***** Extracted entries

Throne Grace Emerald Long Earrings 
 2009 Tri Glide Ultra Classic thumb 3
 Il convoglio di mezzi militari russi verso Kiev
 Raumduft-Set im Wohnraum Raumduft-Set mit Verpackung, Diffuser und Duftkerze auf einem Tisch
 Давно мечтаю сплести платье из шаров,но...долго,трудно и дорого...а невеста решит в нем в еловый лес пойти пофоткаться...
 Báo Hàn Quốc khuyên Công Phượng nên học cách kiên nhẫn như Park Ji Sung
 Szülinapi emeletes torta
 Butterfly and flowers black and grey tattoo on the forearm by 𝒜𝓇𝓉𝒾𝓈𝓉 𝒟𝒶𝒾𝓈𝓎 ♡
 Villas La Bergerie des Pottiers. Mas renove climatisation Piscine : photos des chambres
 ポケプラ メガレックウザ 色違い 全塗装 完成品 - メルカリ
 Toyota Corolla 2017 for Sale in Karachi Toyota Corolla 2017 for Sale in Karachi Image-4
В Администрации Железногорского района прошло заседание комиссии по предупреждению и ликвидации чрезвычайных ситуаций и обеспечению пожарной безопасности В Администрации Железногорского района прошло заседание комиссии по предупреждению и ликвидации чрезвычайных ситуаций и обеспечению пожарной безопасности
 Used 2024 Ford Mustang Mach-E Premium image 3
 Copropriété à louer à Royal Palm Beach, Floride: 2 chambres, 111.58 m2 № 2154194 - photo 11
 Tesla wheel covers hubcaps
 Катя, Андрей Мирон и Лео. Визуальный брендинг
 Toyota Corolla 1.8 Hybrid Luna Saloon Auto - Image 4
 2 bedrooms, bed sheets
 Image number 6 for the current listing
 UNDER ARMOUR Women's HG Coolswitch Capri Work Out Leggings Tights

**********

> _Problem statement_:
Reproduce nothing but the lines from the line containing "Used 2024 Ford" to the last line of the data, each exactly as written.

> _Exercise response_:
 Used 2024 Ford Mustang Mach-E Premium image 3
 Copropriété à louer à Royal Palm Beach, Floride: 2 chambres, 111.58 m2 № 2154194 - photo 11
 Tesla wheel covers hubcaps
 Катя, Андрей Мирон и Лео. Визуальный брендинг
 Toyota Corolla 1.8 Hybrid Luna Saloon Auto - Image 4
 2 bedrooms, bed sheets
 Image number 6 for the current listing
 UNDER ARMOUR Women's HG Coolswitch Capri Work Out Leggings Tights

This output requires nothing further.